Engine issues ground A330
A China Eastern Airlines plane was forced to turn back to Sydney this week after a massive hole was ripped in its engine cowling.
Flight MU736 from Sydney at 8:30pm on Sunday turned back an hour into its trip after the fault occurred, landing safely in Sydney with firefighters on the tarmac to assist, a Sydney Airport spokesperson said.
No-one was injured in the incident.
China Eastern Airlines Oceania has issued a statement saying the plane “encountered an engine problem after take-off”.
“The crew observed the abnormal situation of the left engine and decided to return to Sydney airport immediately,” it said.
Passengers reported hearing a loud bang immediately after take-off.
An Airservices Australia spokesperson the engine fault was reported to the tower shortly after take-off, which triggered an air traffic standard procedure to manage an aircraft emergency.

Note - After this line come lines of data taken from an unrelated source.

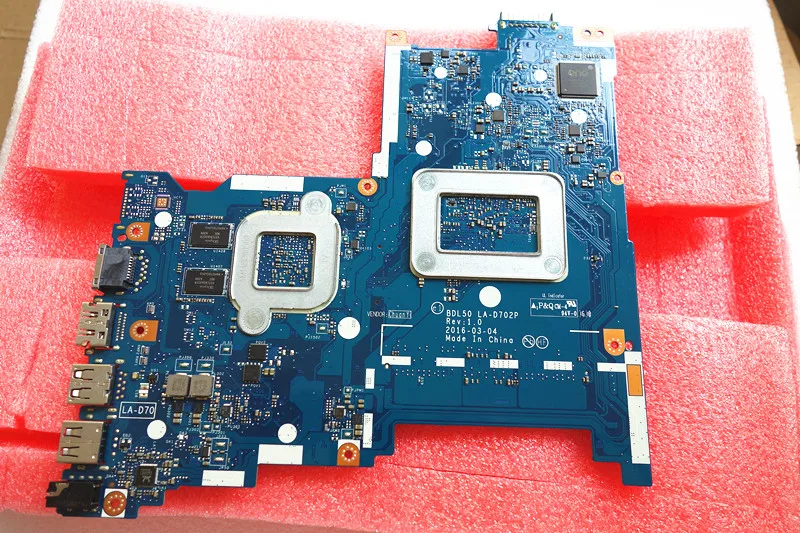 Подходит для hp 250 G5 15-AY 854942-601 854942-501 системную плату BDL50 LA-D702P с SR2KL N3710 Процессор 2G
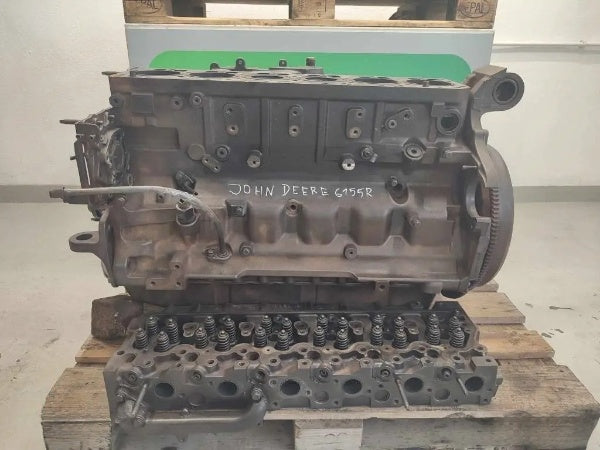 John Deere 6155R Engine – 6.8L PowerTech™ PVS Turbo Diesel for Modern Tractors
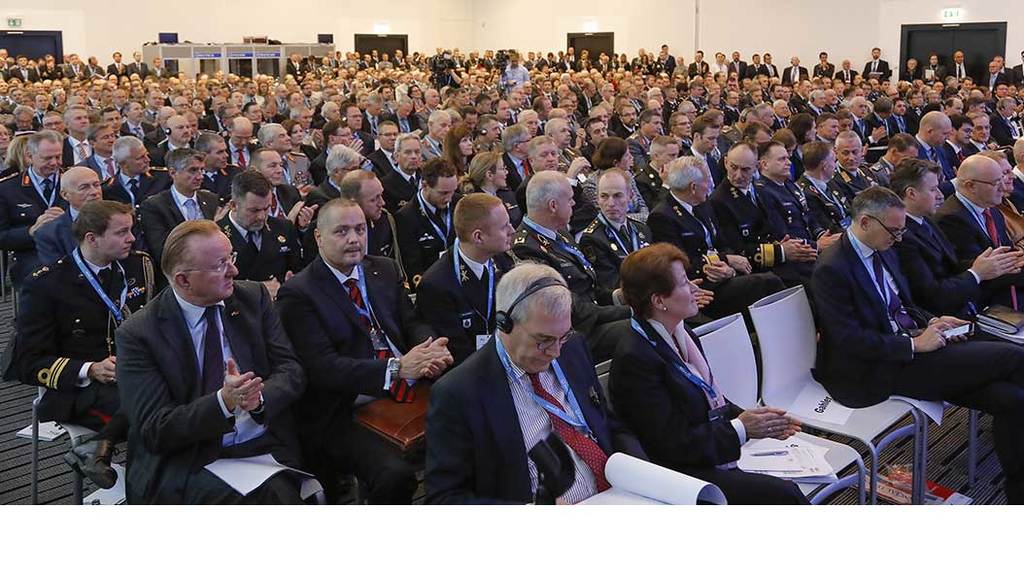 Generál Zůna se zúčastnil bezpečnostní konference v Berlíně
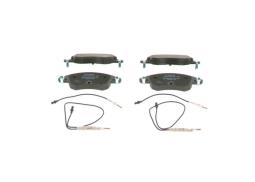KLOCKI HAM./PRZ/ CITROEN C5 1,8 16V 00- PG 1.1. 0 986 424 598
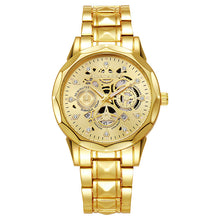 ETERNALS Open-Design Quartz Watch for Men — Gold — product image 05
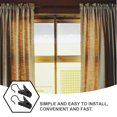 thumbnail image 3 of Shisuyan 25PCS iron Hanging Clips RV Awning Lights Clips Outdoor Camping Essentials Shower Curtains Clips for Bathroom and Outdoor Use, 3 of 8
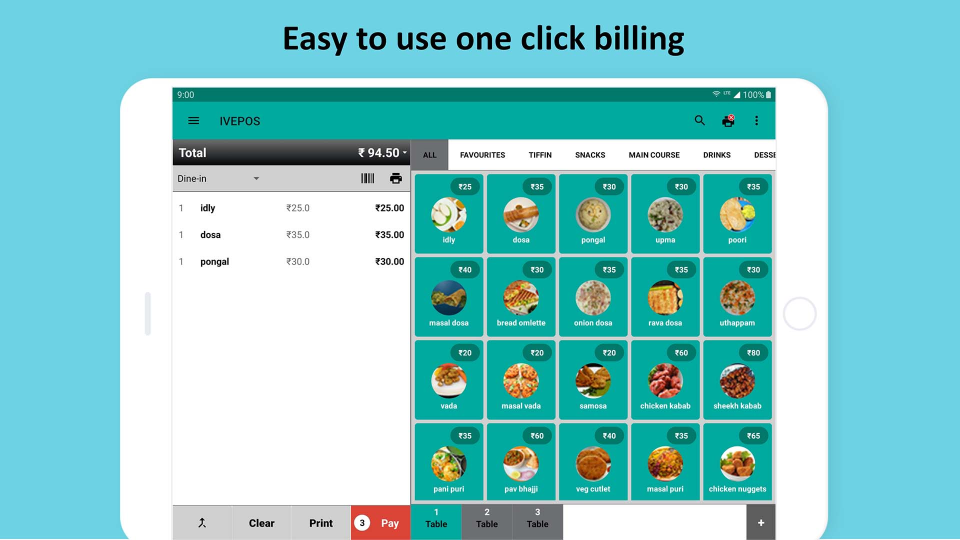IVEPOS Software - 2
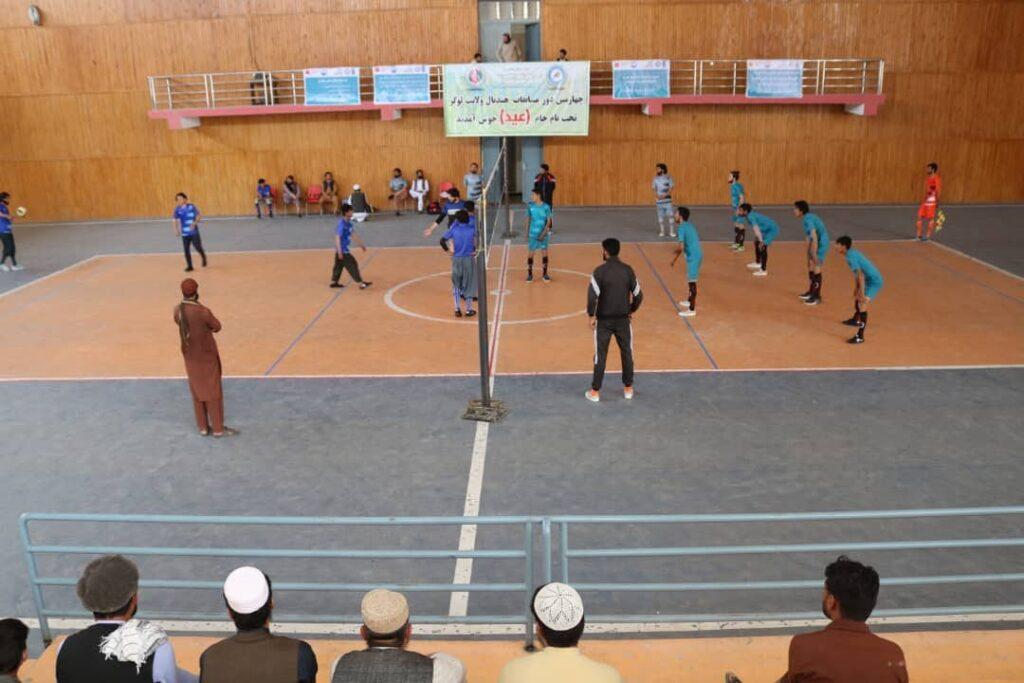 Inter-schools volleyball championship kicks off in Logar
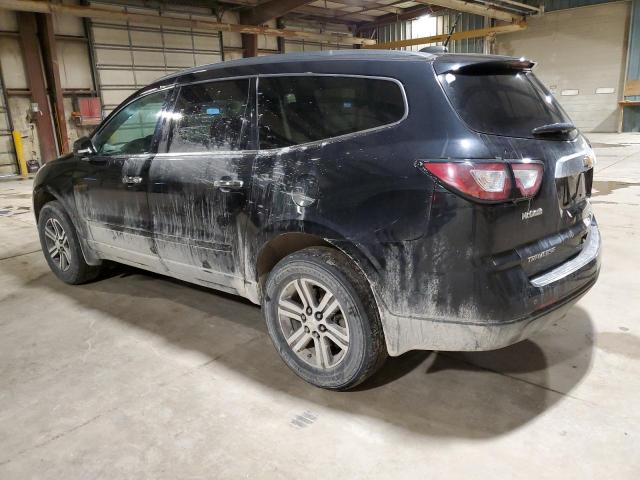 CHEVROLET TRAVERSE 2017 Black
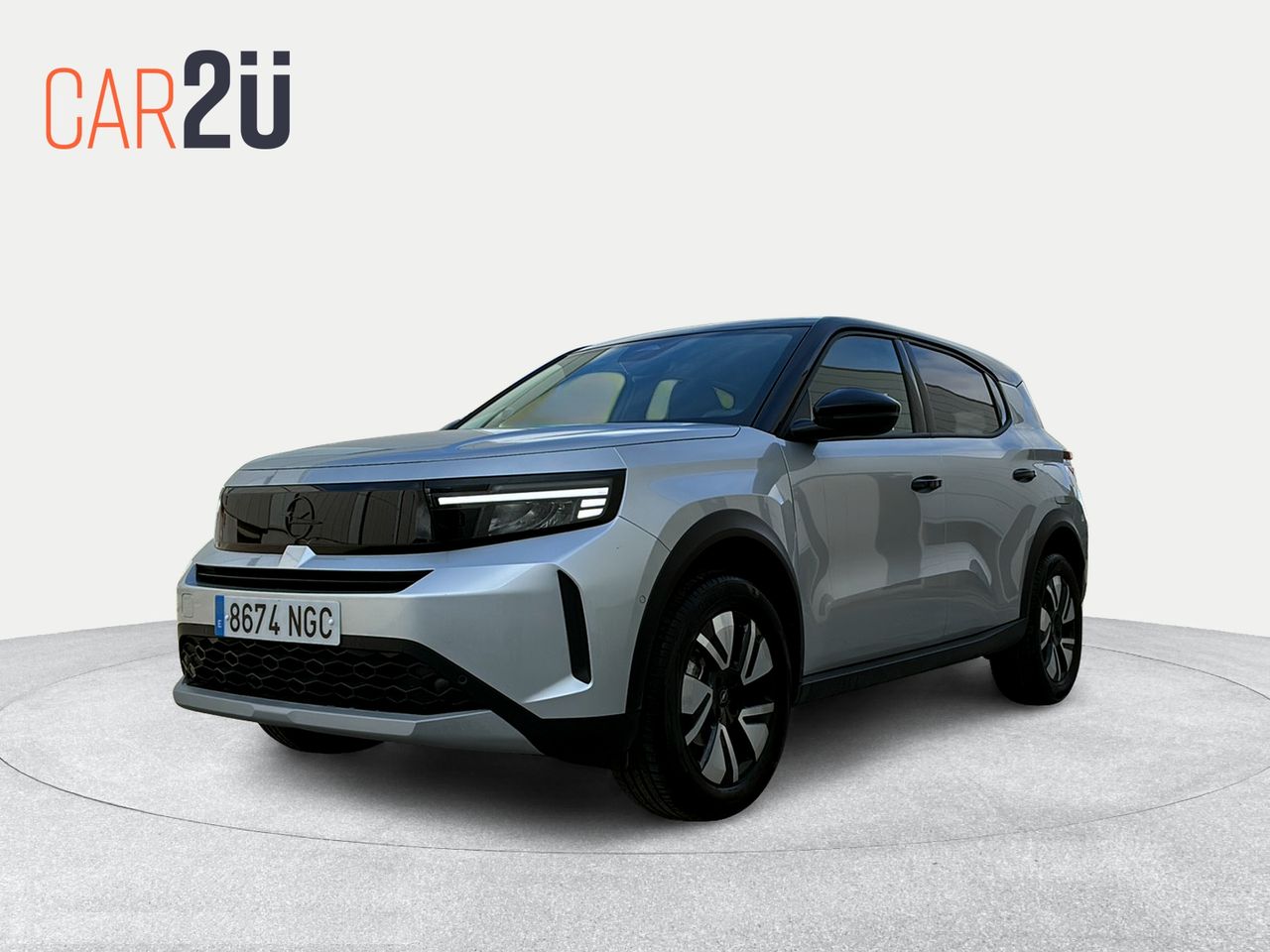 Opel Frontera 1.2T XHT Hybrid eDCT6 107kW GS - Foto 1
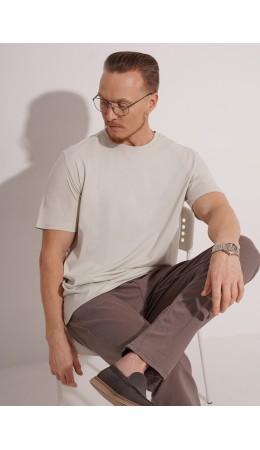 CLE Футболка муж. 562614/17кд maxi(макси)_п, бежевый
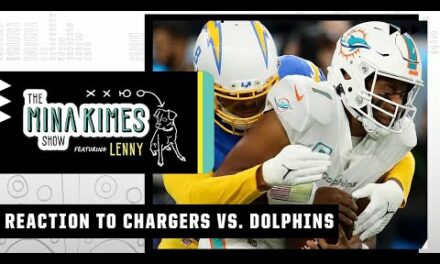 Mina Kimes: Did the Chargers lay down a Blueprint for how to Stop the Dolphins?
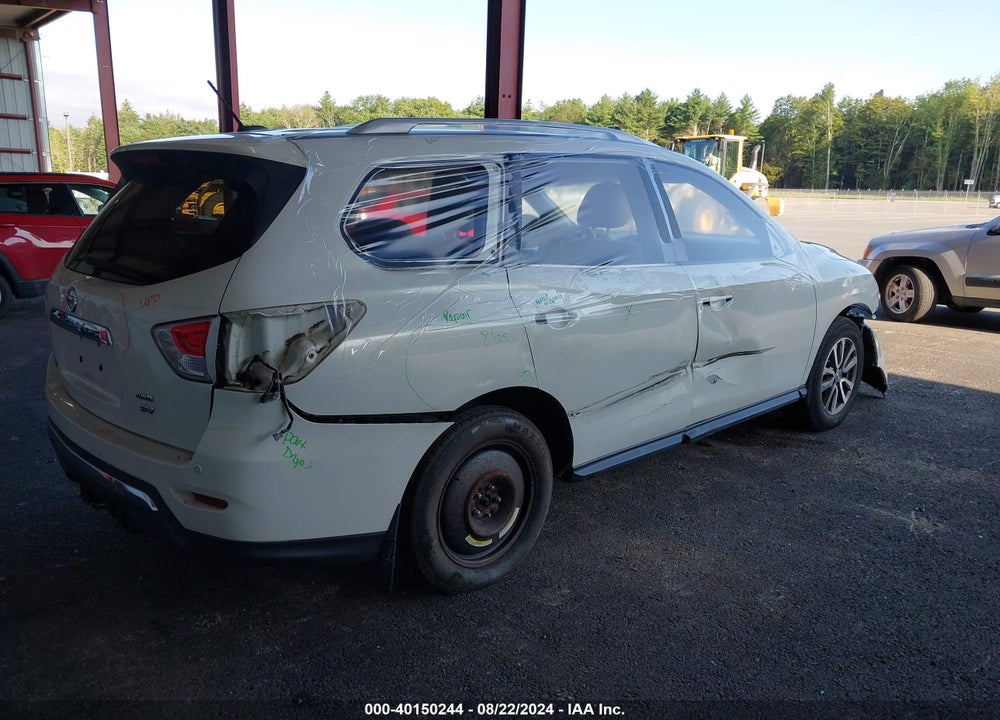 2013 NISSAN PATHFINDER SV VIN: 5N1AR2MM0DC670439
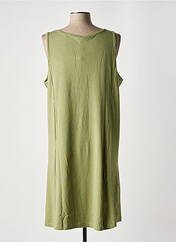 Robe mi-longue vert SHEEGO pour femme seconde vue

“The returned aircraft is currently under investigation at Sydney airport,” China Eastern said.
Australia Transport Safety Bureau inspectors have been despatched to examine the plane.
Aviation expert Professor Jason Middleton said it was “a very rare event”.
“Remarkable set of photos, most unusual, I've never seen that sort of thing happen before,” he told the ABC.
“It appears to be on engine one which is the left engine.
“Looks like the engine casing or cowling has ripped off, forward of the fan the main initial compressor blade, it's ripped clean off.
“Looks like there's obviously been some preliminary damage in order for that to happen.
“How that might have happened, I'm not sure.
“It's quite possible if there was some minor damage that they didn't see.
“At its climbing speed it will be getting faster and faster and that may have been the trigger to rip off some of that engine casing.”
Professor Middleton said the aircraft could fly comfortably with power from only one engine, and that the landing procedure was one of the most commonly practices for commercial pilots.
Some have linked this week’s event to similar damage sustained by a similar plane flying for Emirates Airlines in 2012.